- Carmel de Saint-Maur - Père Maurice Boisson
2 Rois 4,42-44 ; Psaume 144 ; Ephésiens
4,1-6 ; Jean 6,1-15
On
n’a que ça ! Qu’est-ce que c’est pour nourrir tout le monde ? C’est
rien ! Trois fois rien !
« Il
nous faudrait l’équivalent d’au moins dix mille euros », dit Philippe.
Il
nous faudrait beaucoup pour subvenir aux gens qui sont dans le besoin, pour
vous aussi, amis du Togo, pour accueillir ces jeunes orphelins, les enseigner,
leur donner un métier ; pour nous aussi, dans nos pays divers.
Cinq
petites galettes, deux poissons : qu’est-ce que c’est ? C’est rien,
rien !
« Rien,
c’est rien ! Mais trois fois rien,
c’est quelque chose ! », disait Raymond Devos.
« Et
en plus, il y a du rab », dit Jean.
Jésus
a les pieds sur terre. Il n’est pas venu habiter parmi nous pour faire
semblant. Il voit tous ces gens à qui il
faut donner à manger.
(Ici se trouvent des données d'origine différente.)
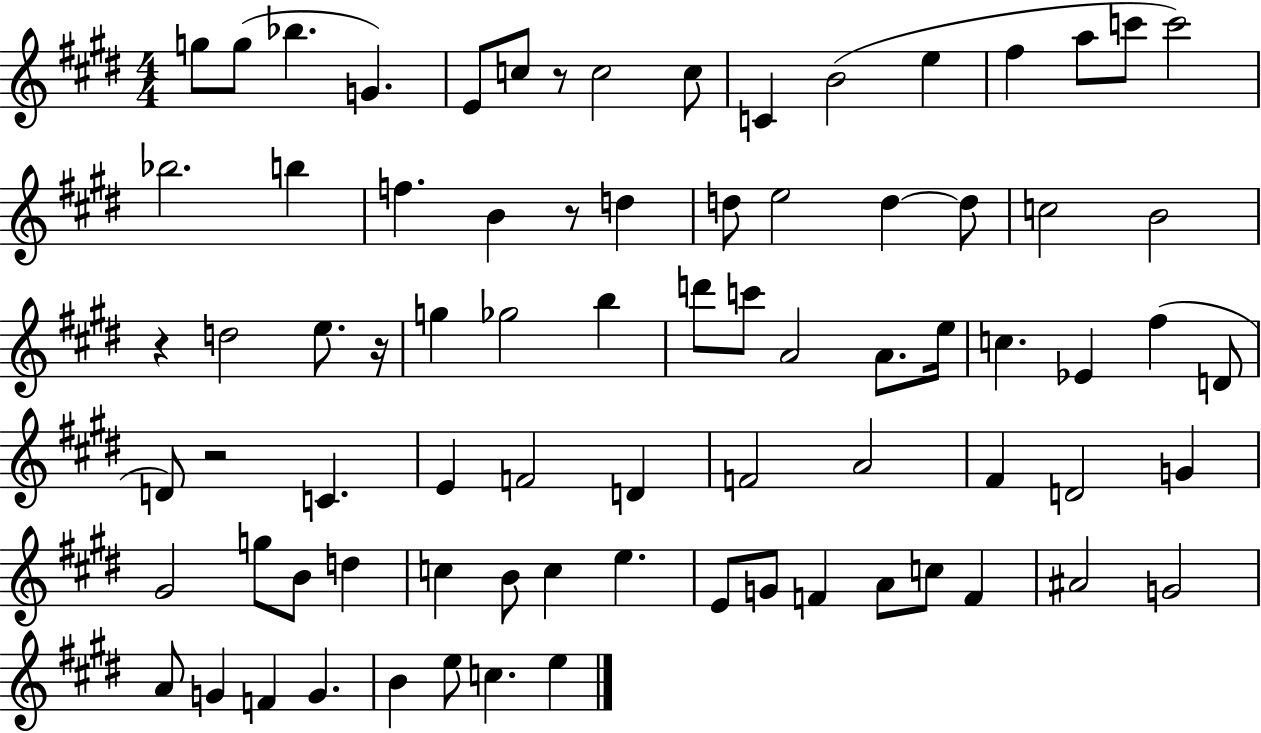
{
  \clef treble
  \numericTimeSignature
  \time 4/4
  \key e \major
  g''8 g''8( bes''4. g'4.) | e'8 c''8 r8 c''2 c''8 | c'4 b'2( e''4 | fis''4 a''8 c'''8 c'''2) | \break bes''2. b''4 | f''4. b'4 r8 d''4 | d''8 e''2 d''4~~ d''8 | c''2 b'2 | \break r4 d''2 e''8. r16 | g''4 ges''2 b''4 | d'''8 c'''8 a'2 a'8. e''16 | c''4. ees'4 fis''4( d'8 | \break d'8) r2 c'4. | e'4 f'2 d'4 | f'2 a'2 | fis'4 d'2 g'4 | \break gis'2 g''8 b'8 d''4 | c''4 b'8 c''4 e''4. | e'8 g'8 f'4 a'8 c''8 f'4 | ais'2 g'2 | \break a'8 g'4 f'4 g'4. | b'4 e''8 c''4. e''4 | \bar "|."
}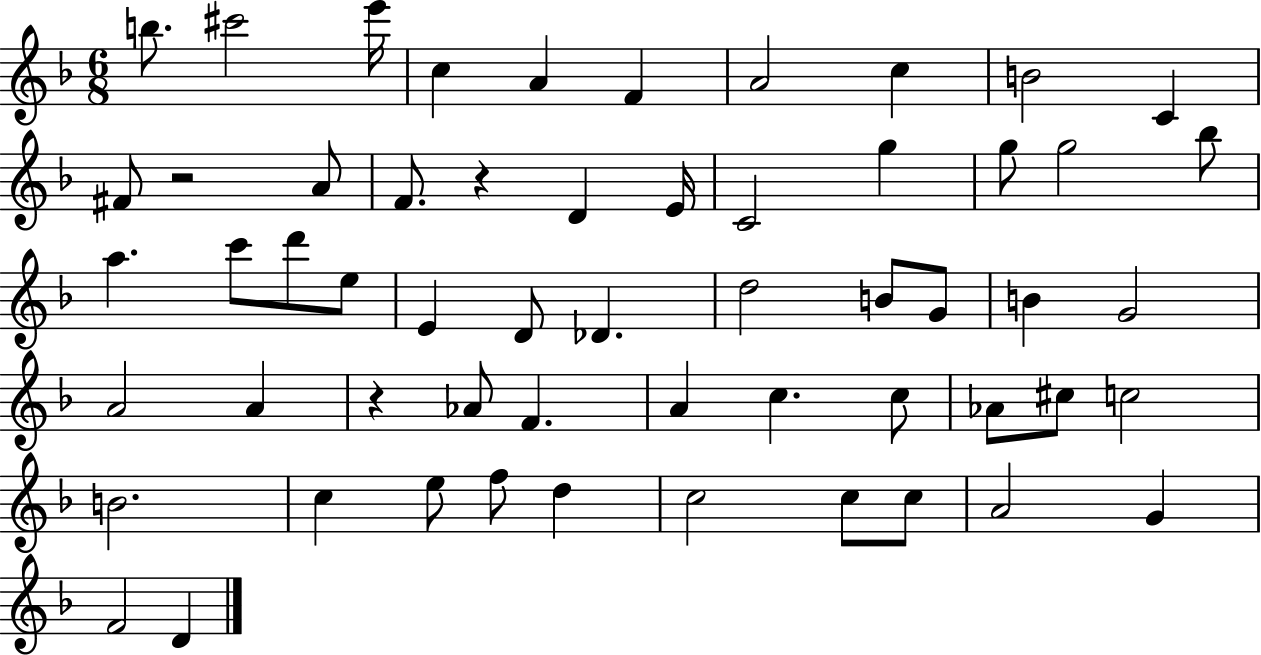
B5/e. C#6/h E6/s C5/q A4/q F4/q A4/h C5/q B4/h C4/q F#4/e R/h A4/e F4/e. R/q D4/q E4/s C4/h G5/q G5/e G5/h Bb5/e A5/q. C6/e D6/e E5/e E4/q D4/e Db4/q. D5/h B4/e G4/e B4/q G4/h A4/h A4/q R/q Ab4/e F4/q. A4/q C5/q. C5/e Ab4/e C#5/e C5/h B4/h. C5/q E5/e F5/e D5/q C5/h C5/e C5/e A4/h G4/q F4/h D4/q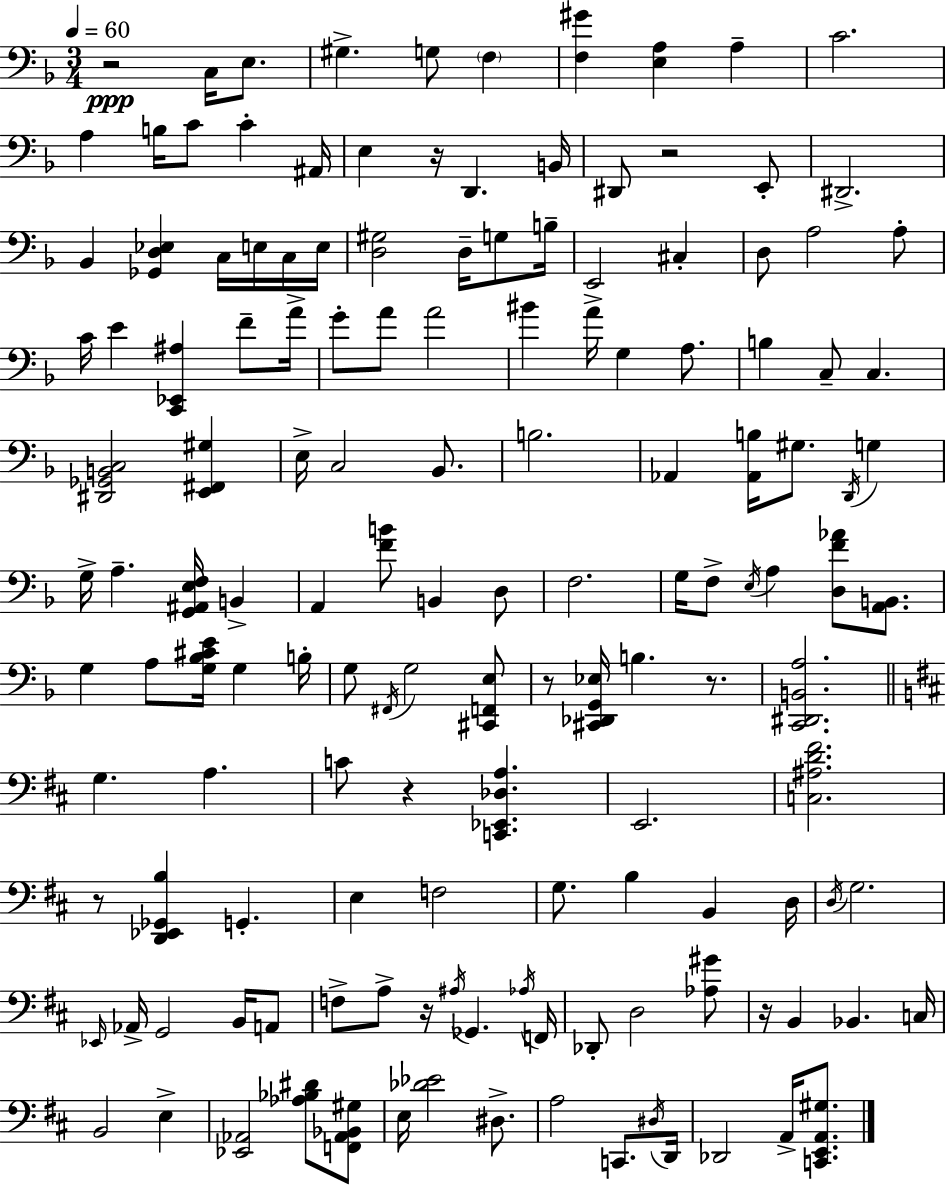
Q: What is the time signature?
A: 3/4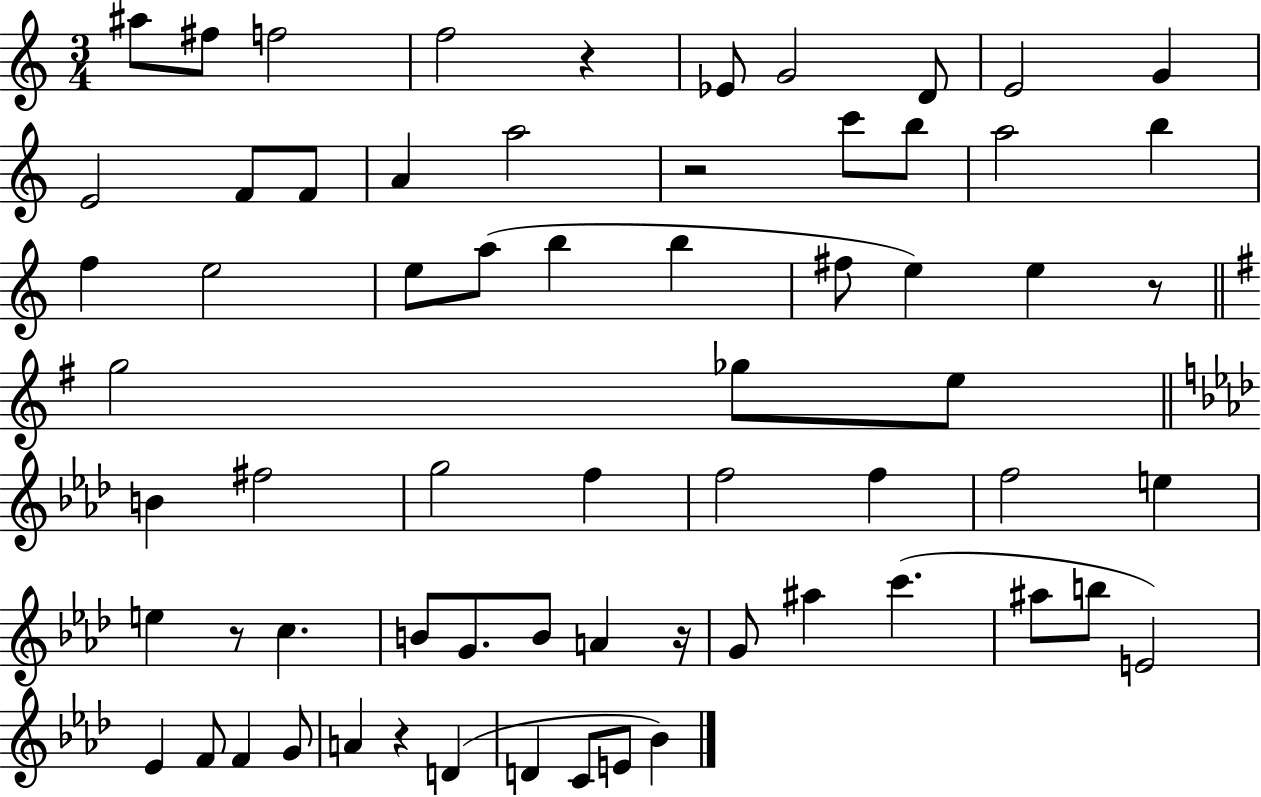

Il met Philippe et les autres dans le coup : « Où peut-on trouver du pain pour
qu’ils aient à manger ? » (Jean 6,5)
Philippe
a vite fait de calculer : plus de dix mille euros ne suffiraient pas. Pas
question.
André
a repéré un jeune garçon avec son sac à dos ; il avait emmené son
pique-nique : cinq petites galettes et deux poissons grillés. Il est prêt
à les donner. Mais qu’est-ce que c’est, pour tout ce monde ? Trois fois rien ; ça va être
quelque chose !
Jésus
souffle à l’oreille d’André de demander à ce jeune de lui apporter son
casse-croûte.
Jésus
reçoit le pas grand-chose de ce garçon, mais il en remercie Dieu, de ce
peu ; sinon, il n’aurait rien pu faire !
Ce
peu va permettre de nourrir tous ces gens. Le peu que nous avons, le peu que
nous sommes, peut devenir beaucoup.
Jésus
distribue ces pains et ces poissons. Saint Jean ne parle pas de multiplication
des pains ! Jésus donne, distribue, ce que lui a donné ce garçon. Il y en
a pour tout le monde ; ils mangèrent à leur faim ; et il y a du
rab !
Jésus
donne le peu qu’il a reçu. C’est le don
qui multiplie. Quand on donne, quand on partage, la générosité multiplie ;
il y en a pour tous, et même il en reste pour ceux qui ne sont pas là !
Bien
sûr qu’il ne s’agit pas seulement du pain du boulanger et des poissons du
lac : le pain de la bonté, de la justice, de la paix, de la dignité de
l’accueil.
Le
peu donné par ce jeune garçon, c’est son geste qui fait boule de neige, comme
une source qui, venue des entrailles du cœur, s’est répandue dans le cœur de
tous.
Le
pain non mangé, non partagé, rassit, durcit, moisit ; c’est vrai de tout
pain qui peut nourrir notre être, notre vie ensemble, notre corps, notre cœur,
les relations, l’attention aux autres…
Qu’est-ce
que c’est pour tous ces gens ? Rien, trois
fois rien !
C’est
quelque chose !... « Oh, vous savez, on n’a pas grand-chose… surtout : on n’est
pas grand-chose ! »
Surtout
« on n’est pas grand-chose » : justement, tu deviendras
nourriture pour beaucoup si tu offres, dans les mains de Dieu, ce que tu crois
être.
De
nos trois fois rien, Dieu fait des
trois fois saints pour tous, « pour rassasier avec bonté tout ce qui vit
et donner à chacun la nourriture, toute nourriture, en temps voulu » (cf.
Psaume 144,15-16).
Les
petites galettes et les deux poissons de ce garçon sont devenus nourriture pour
tous ; mais en fait c’est lui qui est devenu nourriture par le don qu’il a
fait du peu qu’il avait, du peu qu’il était.
Même
le peu que nous avons et que nous sommes, il nous est donné.
Ce
don nous rend donnant à notre tour, pour être nous-mêmes, comme le Christ dans
cette Eucharistie, nourriture, pain, vie, amour. Ces trois fois rien que nous croyons être peuvent être beaucoup si nous
acceptons qu’ils passent entre les mains de Dieu.